What are the symptoms and signs of a Staph infection?
Staphylococcal disease of the skin usually results in a localized collection of pus, known as an abscess, boil, or furuncle, depending upon the exact type of lesion that is present. The affected area may be red, swollen, and painful. Drainage or pus is common.
When Staph is in the blood (bacteremia or sepsis), it can cause high fevers, chills, and low blood pressure. Deep abscesses, pneumonia, osteomylitis, and most other internal infections are only seen by X-ray and other imaging techniques or are not visible at all (for example, toxic shock, food poisoning).

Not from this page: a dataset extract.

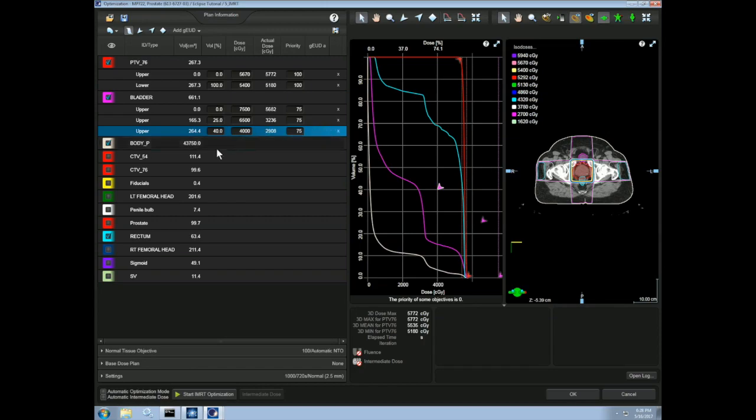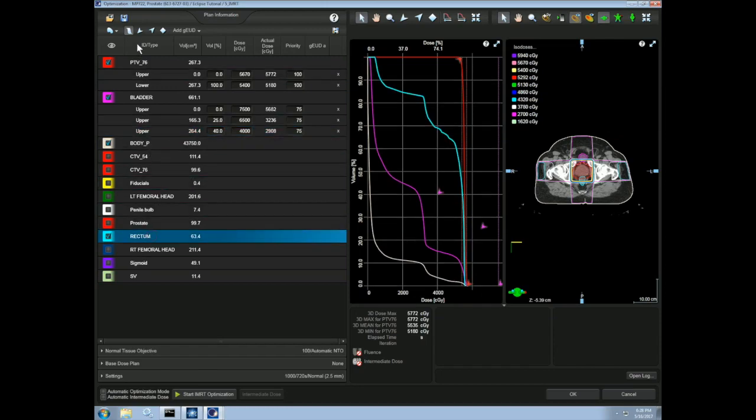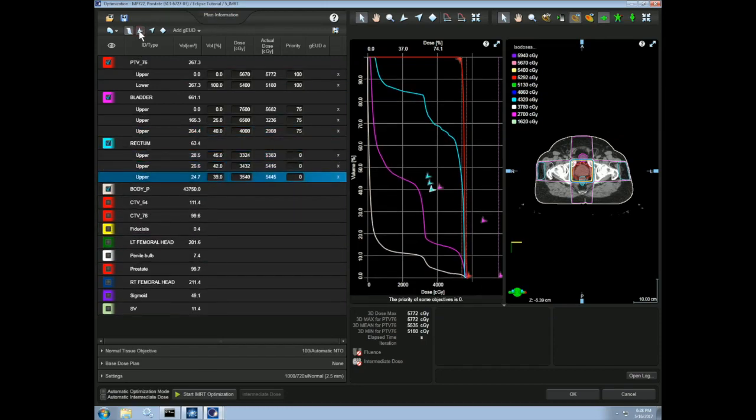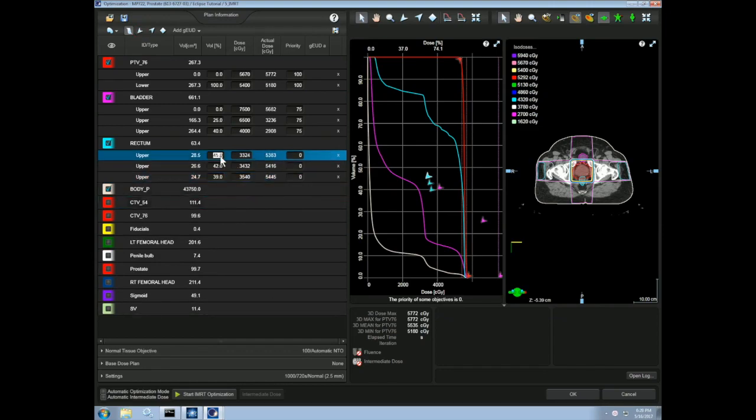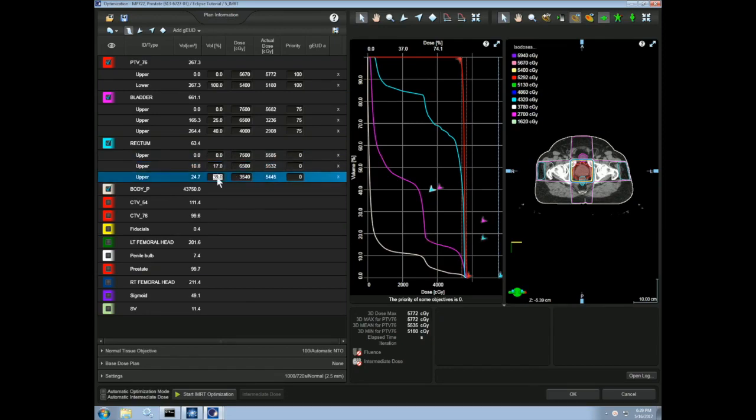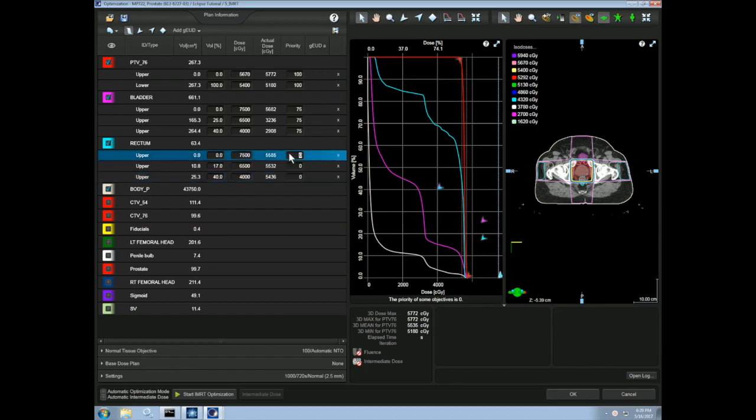Let's also add our three constraints to the rectum. Once again, we'll do upper constraints. We want 0% of the bladder to get more than 75 gray. We want 17% or no more than 17% of the bladder to get 65 gray. And less than 40% of the bladder to get over 40 gray. Once again, we'll add priorities of 75 on all of these.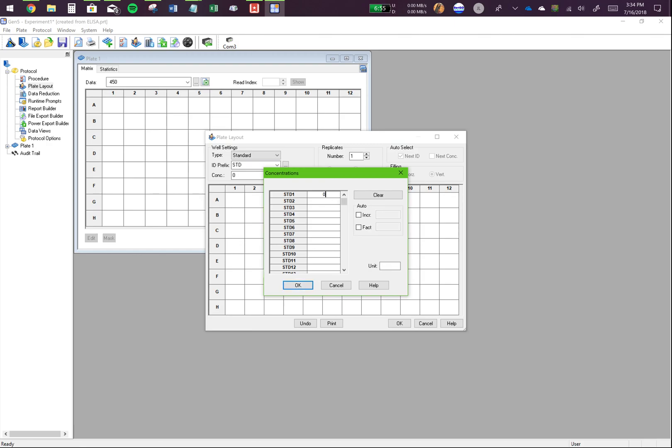Here's where you put your concentration values for the standard if you're running an analyzer. So, let's say my first standard was 1000 nanogram per microliter. Remember, this is only an arbitrary unit. The program actually doesn't care if you put in a unit or not. It's only for your information.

How are Staph infections diagnosed?
In cases of minor skin infections, staphylococcal infections are commonly diagnosed by their appearance without the need for laboratory testing. More serious staphylococcal infections such as infection of the bloodstream, pneumonia, and endocarditis require culturing of samples of blood or infected body fluids. The laboratory establishes the diagnosis and performs special tests to determine which antibiotics are effective against the bacteria.

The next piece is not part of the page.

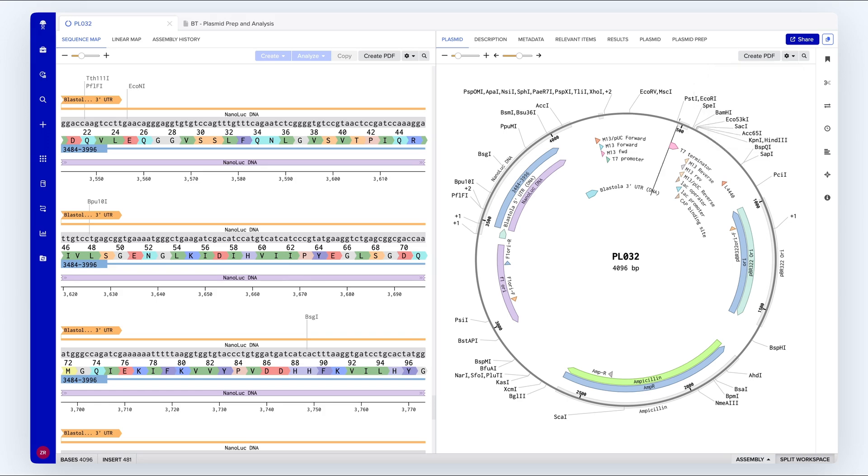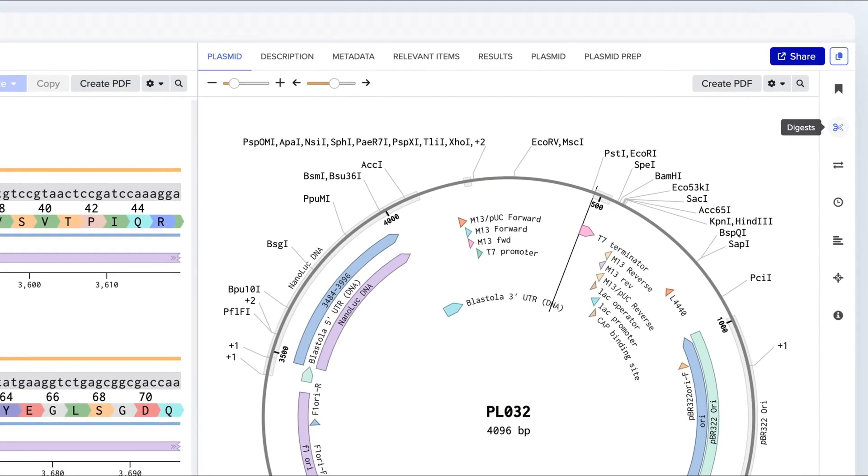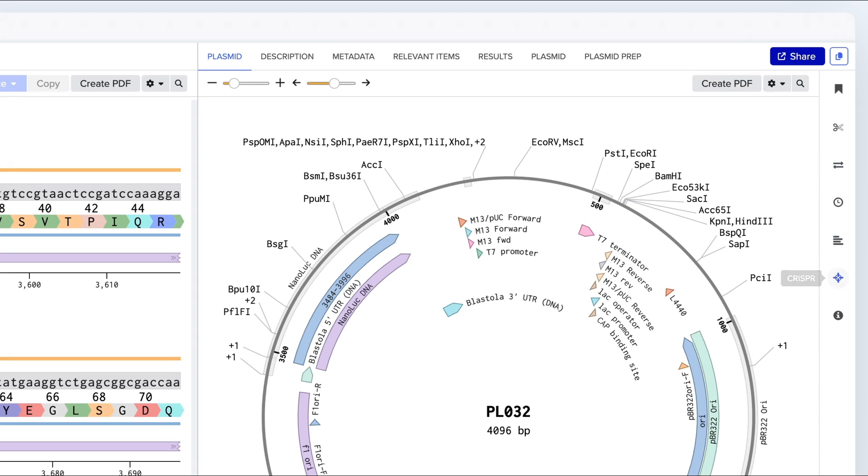On the right-hand side here, we can also access a suite of sequence editing and analysis tools such as primer design, in silico cloning, alignments, and digests.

Diagnosis of staph infections begins with attempting to culture the bacteria from an infected site. Any area with pus, crusty drainage, or blisters should be cultured. Blood from patients with sepsis, toxic shock, or pneumonia should be cultured. Standard microbiological techniques (growth on Baird-Parker agar plates and a positive coagulase test) identify staph. S. aureus lyses red blood cells in blood agar plates (hemolytic staph) while S. epidermidis does not (non hemolytic staph).
All staph should be further tested to see if the bacteria are resistant to the antibiotic methicillin (and other antibiotics) and thus determine if the organisms are MRSA (methicillin resistant Staphylococcus aureus). This test is important as MRSA organisms are resistant to many antibiotics usually prescribed for staph infections.